The company - which now has a market value of over $1.5 trillion - cut Amazon Flex drivers’ pay from the advertised rate of $18-25 without telling employees, and used tips to make up the difference. The FTC has stated that Amazon “intentionally failed” to notify drivers of the change.
Hundreds of drivers sent complaints to the company, after they realised their earnings had been slashed, but were reassured by Amazon that they would continue to receive “100 percent of their tips”.
Amazon - which introduced the wage changes in 2016 - stopped taking the tips only after being alerted of the investigation against them in 2019, according to the Federal Trade Commission (FTC) complaint.
“Our action today returns to drivers the tens of millions of dollars in tips that Amazon misappropriated, and requires Amazon to get drivers’ permission before changing its treatment of tips in the future,” Daniel Kaufman, acting director of the FTC’s Bureau of Consumer Protection, stated.
Amazon has stated that its Flex drivers “earn among the best in the industry.”
Gig economy work
Amazon hires its Flex delivery drivers as independent contractors who use their own vehicles to deliver parcels. By hiring gig workers, the company avoids having to provide health insurance, paid vacations, scheduled pay increases or vehicle maintenance and upkeep.
Although gig work has been praised as a flexible option by some workers, Amazon has been criticised for giving short delivery windows and kicking workers off the system for missing slots, encouraging dangerous driving. Drivers also have to wait for delivery options to show up on the Flex app, meaning work is not guaranteed, and to return any packages that couldn’t be delivered back to the warehouse unpaid at the end of their shift.
Studies have suggested that once Flex drivers have accounted for essential on-the-job expenses such as fuel, their earnings amount to just $5 to $11 an hour, rather than the $18 to $25 advertised. Minimum wages in the US range from $7.25 to $15 an hour, depending on the state.
Workers and civil society have long been calling for tighter regulations on gig companies.

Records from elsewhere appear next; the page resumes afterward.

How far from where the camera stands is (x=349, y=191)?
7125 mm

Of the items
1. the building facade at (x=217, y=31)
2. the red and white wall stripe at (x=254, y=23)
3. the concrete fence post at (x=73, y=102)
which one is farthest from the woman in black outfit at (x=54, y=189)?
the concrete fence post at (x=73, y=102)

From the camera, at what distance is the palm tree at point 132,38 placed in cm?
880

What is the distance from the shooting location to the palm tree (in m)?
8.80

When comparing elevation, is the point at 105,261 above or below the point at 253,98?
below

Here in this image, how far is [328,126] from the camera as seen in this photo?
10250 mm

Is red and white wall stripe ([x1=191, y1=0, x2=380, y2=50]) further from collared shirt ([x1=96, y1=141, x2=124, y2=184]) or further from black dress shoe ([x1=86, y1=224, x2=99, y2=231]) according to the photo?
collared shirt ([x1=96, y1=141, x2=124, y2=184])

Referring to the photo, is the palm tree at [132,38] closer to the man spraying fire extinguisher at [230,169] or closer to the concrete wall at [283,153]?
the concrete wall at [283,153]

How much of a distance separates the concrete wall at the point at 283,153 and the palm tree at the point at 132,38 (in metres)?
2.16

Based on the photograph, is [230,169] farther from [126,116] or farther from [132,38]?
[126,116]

William Kovacic, former chair of the FTC and a professor at George Washington University Law School says that the settlement ruling from the FTC is “unmistakably an indication of the agency’s commitment to devoting additional attention and enforcement resources to monitoring the behavior of gig employers and to punish misrepresentation and fraud.”
The same day at the ruling, FTC commissioner appealed to Congress for more powers to to prevent and penalise companies misleading contractors and consumers.
Jeff Bezos steps down
Jeff Bezos nonetheless succeeded in dominating Amazon-related news by stepping down from his position as company CEO just hours before the FTC announced the fine.
Bezos has accrued almost four times the amount owed to the drivers every day since the pandemic began. He will be moving to a position as ‘executive chair’ of the company.
Andy Jassy, currently CEO of Amazon Web Services (AWS), will succeed Bezos as head of the company. Ver.di union in Germany released a statement following the announcement:
“We don’t care if Amazon’s top boss is named Jeff Bezos, Andy Jassy or Donald Duck. What is crucial is whether the change in leadership at the group means a fundamental rethinking regarding respect for workers and union rights. Little points to this right now.
“Jassy is head of Amazon Web Services, and this computer cloud network operator is jointly responsible for the massive emission of coal and other pollutants.”